Effects of the γ-secretase inhibitor N-[N-(3,5-Difluorophenacetyl-L-alanyl)]-S-phenylglycine t-Butyl ester (DAPT) on the levels of cleaved Notch, total Notch, and Numb after 3 days in culture. (A) The averages of 8 independent experiments are shown. Results are expressed as relative values compared with the untreated controls. In addition, a representative FACS plot of activated Notch expression is shown for treated with DAPT and untreated cells. Isotype control is also demonstrated. (B) The effects of DAPT on cells after double staining with anti-cleaved-Notch-1 (Val1744) antibody conjugated to AlexaFluor-488 (green) and anti-Numb antibody conjugated to AlexaFluor-647 (cyan). The averages of 8 independent experiments are shown. Results are expressed as percentages at that specific time point (day 3). Positive cells for cleaved Notch, positive for Numb, or positive for both are demonstrated. In addition, a representative FACS plot of treated with DAPT versus untreated cells is shown. (C) Western blot analysis demonstrating the effects of Jagged-1 and DAPT on cleaved Notch-1, Numb, and downstream target of the Notch pathway Hes-1 levels after treatment for 3 days. Actin was used as loading control. Three different anti-cleaved (Val1744)-Notch-1 and 3 different anti-Numb antibodies were used and one representative blot of each is shown. Sem=standard error of mean, n=the number of independent replicate experiments, and P the value calculated from Wilcoxon rank-sum test. Isotype control is also demonstrated. The concentration used for DAPT was 25 μM, and for Jagged-1 it was 2 μg/mL.

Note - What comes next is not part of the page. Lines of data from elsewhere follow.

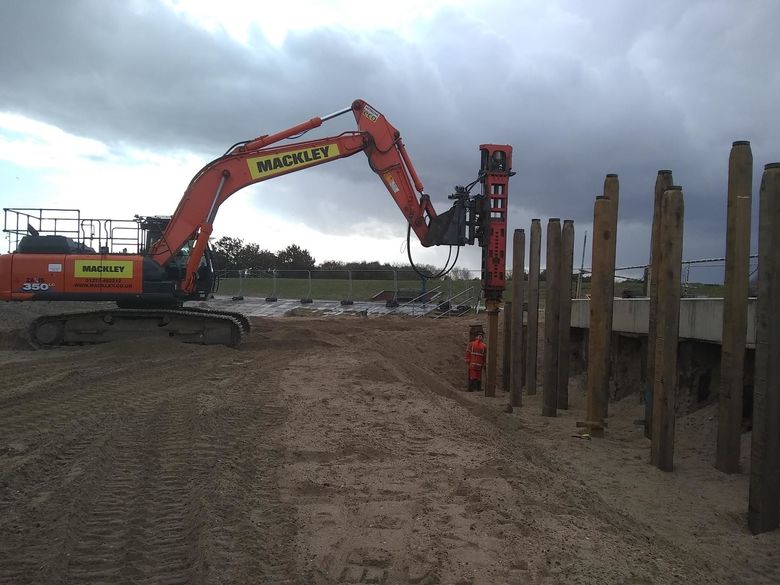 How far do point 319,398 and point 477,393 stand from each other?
475 cm

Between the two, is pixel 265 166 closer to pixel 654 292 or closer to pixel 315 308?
pixel 654 292

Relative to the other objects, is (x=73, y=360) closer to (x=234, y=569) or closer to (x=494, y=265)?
(x=494, y=265)

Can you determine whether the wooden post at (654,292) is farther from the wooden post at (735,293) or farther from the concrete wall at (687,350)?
the wooden post at (735,293)

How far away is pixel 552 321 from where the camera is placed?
397 inches

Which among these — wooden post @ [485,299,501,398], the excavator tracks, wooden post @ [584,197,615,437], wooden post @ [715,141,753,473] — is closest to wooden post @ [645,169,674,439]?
wooden post @ [584,197,615,437]

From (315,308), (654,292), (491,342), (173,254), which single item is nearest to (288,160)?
(173,254)

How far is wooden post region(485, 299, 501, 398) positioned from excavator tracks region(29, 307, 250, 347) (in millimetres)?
6637

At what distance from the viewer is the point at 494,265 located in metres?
11.7

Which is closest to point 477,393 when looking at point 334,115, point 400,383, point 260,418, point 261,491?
point 400,383

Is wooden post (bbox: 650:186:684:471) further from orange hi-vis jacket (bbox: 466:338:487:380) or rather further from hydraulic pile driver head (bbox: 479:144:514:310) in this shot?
orange hi-vis jacket (bbox: 466:338:487:380)

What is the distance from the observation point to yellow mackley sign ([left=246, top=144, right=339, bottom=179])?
15039 millimetres

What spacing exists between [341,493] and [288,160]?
11460 mm

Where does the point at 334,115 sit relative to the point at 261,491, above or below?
above

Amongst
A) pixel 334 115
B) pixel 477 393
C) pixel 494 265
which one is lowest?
pixel 477 393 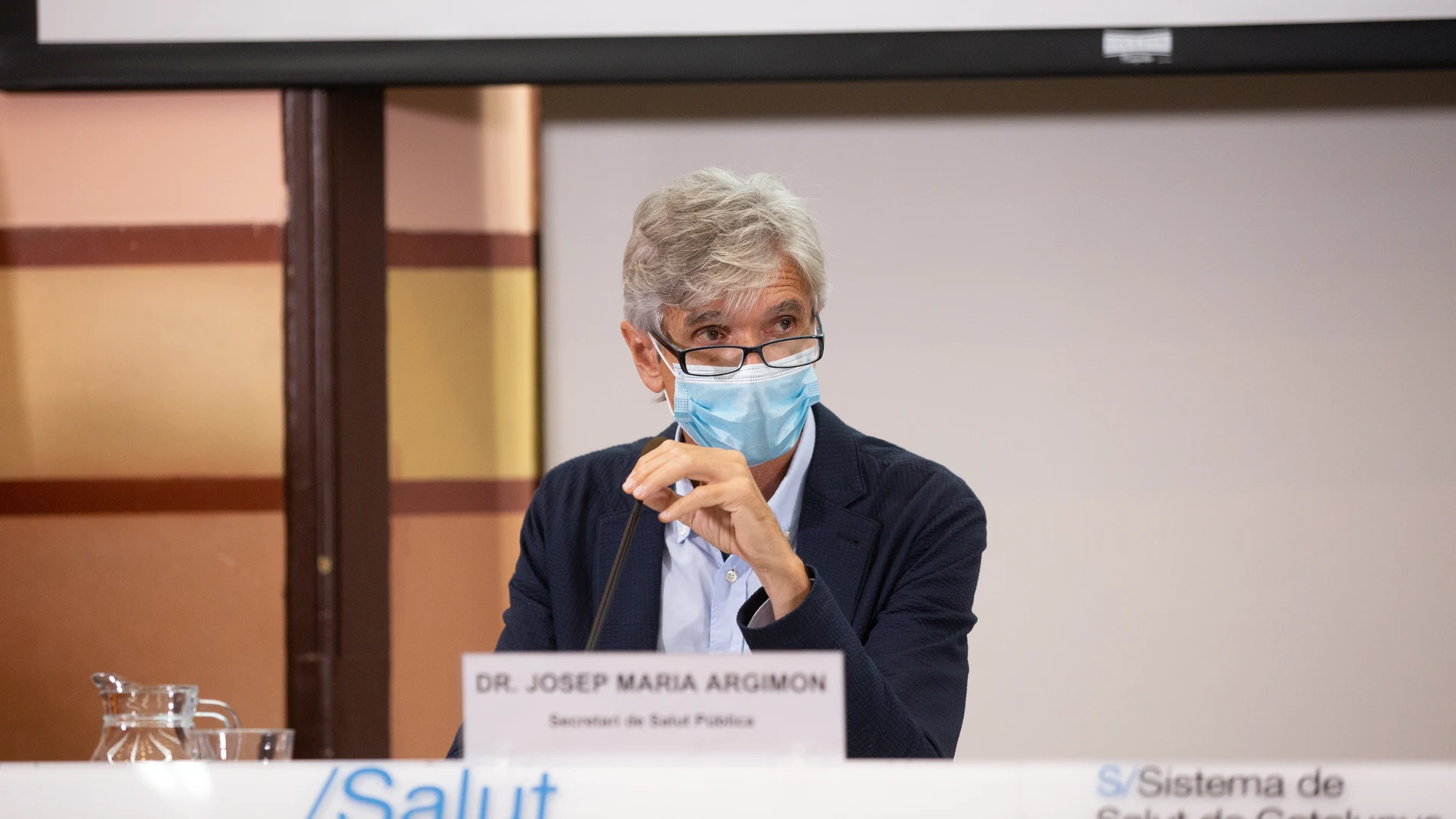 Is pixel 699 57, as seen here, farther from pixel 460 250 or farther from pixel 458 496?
pixel 458 496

Next, we performed dual staining with activated Notch and Numb, so as to examine the effects of DAPT on different subpopulations of cells according to their levels of activated Notch and Numb expression. As shown in Fig. 4B, as expected γ-secretase inhibition reduced the percentage of activated Notch⁺/Numb⁻ and activated Notch⁺/Numb⁺ cells. Interestingly, the effects are much more significant on activated Notch⁺/Numb⁻ cells (P<0.05) than on activated Notch⁺/Numb⁺ cells (P>0.05). Surprisingly, DAPT significantly increased the percentage of activated Notch⁻/Numb⁺ cells (P<0.05).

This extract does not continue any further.